壁面の使い方
つるバラは本来家の外壁面のような広さと高さの有る垂直面が最も適しています。品種の持っている能力を最大限引き出せる場所と言う事です。
今回は家と庭とのつながり方に付いて考えて見ます。庭造りで最も大切なポイントは境界、エッジ部分です。この解釈や出来具合如何で庭の美しさが左右されます。
家の外観で美観上好ましくない場所の一つが基礎部分でしょう。基礎と庭の接点が庭の美観を左右します。出来得れば隠したい場所であります。植物で隠す方法もありますがここでは手前にメッシュフェンスやパイプアーチ等を組み合わせた空間作りを提案しています。家と庭、その先には公共的なスペース、道路があります。最も道路から遠く安心感の得られやすい場所が家の外壁面に接した空間では無いでしょうか。

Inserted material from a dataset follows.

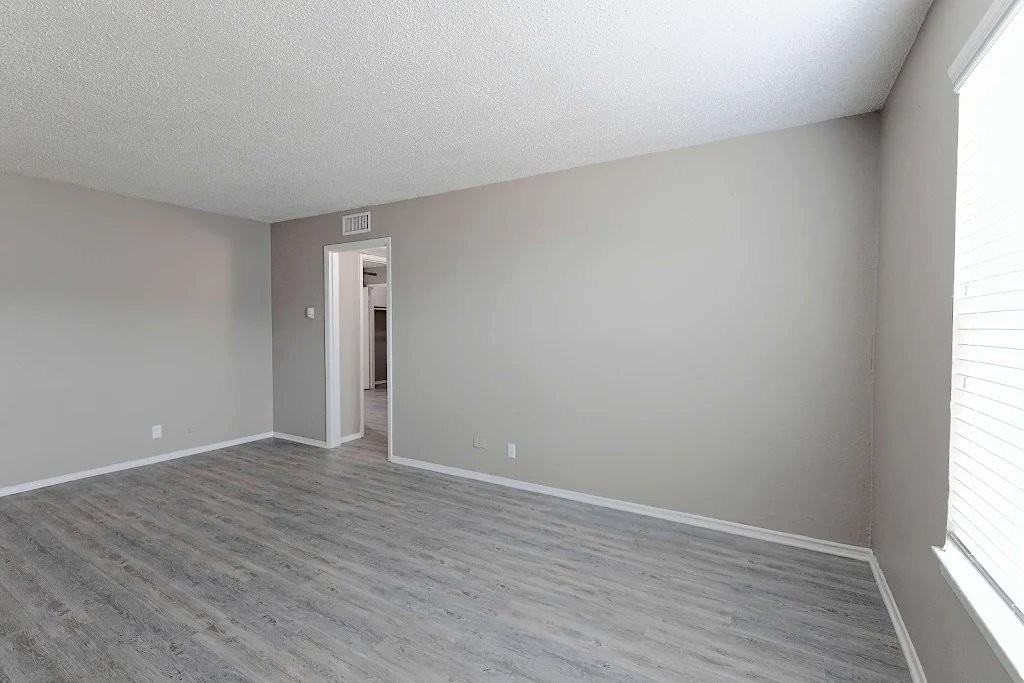 531 Bedford Rd #221 - Photo 7 of 20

家の室内と庭、その間に戸外室のような場所作りが出来たら。椅子とテーブルを置いて室内の延長上にありしかも開放感に満ちた空間。しかし心地よい包容感の得られる空間造りが出来るのではないでしょうか。
つるバラを使う立場として考えますと平面の前に今一つ変化に富んだ構造物があり、壁面に誘引した枝の一部をアーチを経由させて誘引することが出来ます。壁面に植えたつるバラの株元を隠す事もできます。何より庭に奥行きを与える効果が得られるのです。室内とこの様な空間にいる人が会話の出来るような状態を目指しています。
室内と庭が途切れることなく緩やかに結ばれた状態。これが理想的な姿であります。
庭を立体的な構成へと移行する為に、そのような感覚を見出すためのきっかけとしても効果的な方法であります。

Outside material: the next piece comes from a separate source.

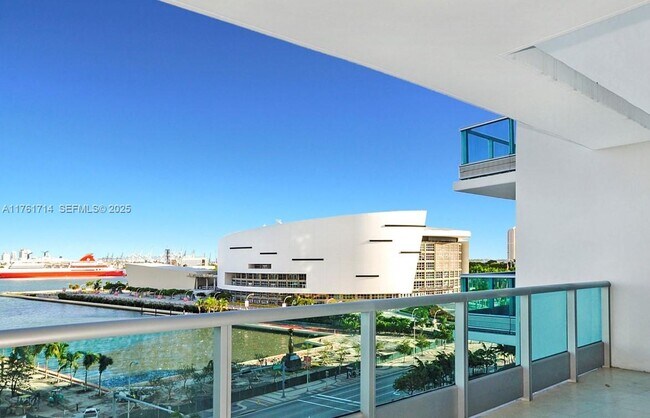 Building Photo - 900 Biscayne Blvd Unit 909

出窓に付いても同じような事が考えられます。出窓の直下は雨水が当たらず植物が育ち難い状況であります。発想は同じ、出窓の前にメッシュフェンスとパイプアーチで簡単な空間を作り出窓の下を隠してしまおう。室内の出窓を通してテーブルと椅子の有る風景を作ろう。明日天気が良かったらあそこでひと時本を読もう。あの人とお茶を飲もう。よく晴れた日であれば其処に座って永遠を見てみようか。暮らしの中にささやかだが一服の清涼剤たる存在になれれば。人の気持ちに非日常の感覚がすっと入ったらと思って考えた場面です。
この様に家の外壁面の手前で一工夫するだけで、家の外観は親しみやすい妙に人間臭漂う場所へとなります。視覚的な美を追求するのも勿論ですが内面的な美しさ、人の感性に直接訴えかけるような効果を持つ空間になると思います。周囲の人に共感をうる事の嬉しさは最上の喜びにつながります。内容のギュッと詰まった庭造りが楽しいのです。
また庭造りの精神論に陥ってしまいました。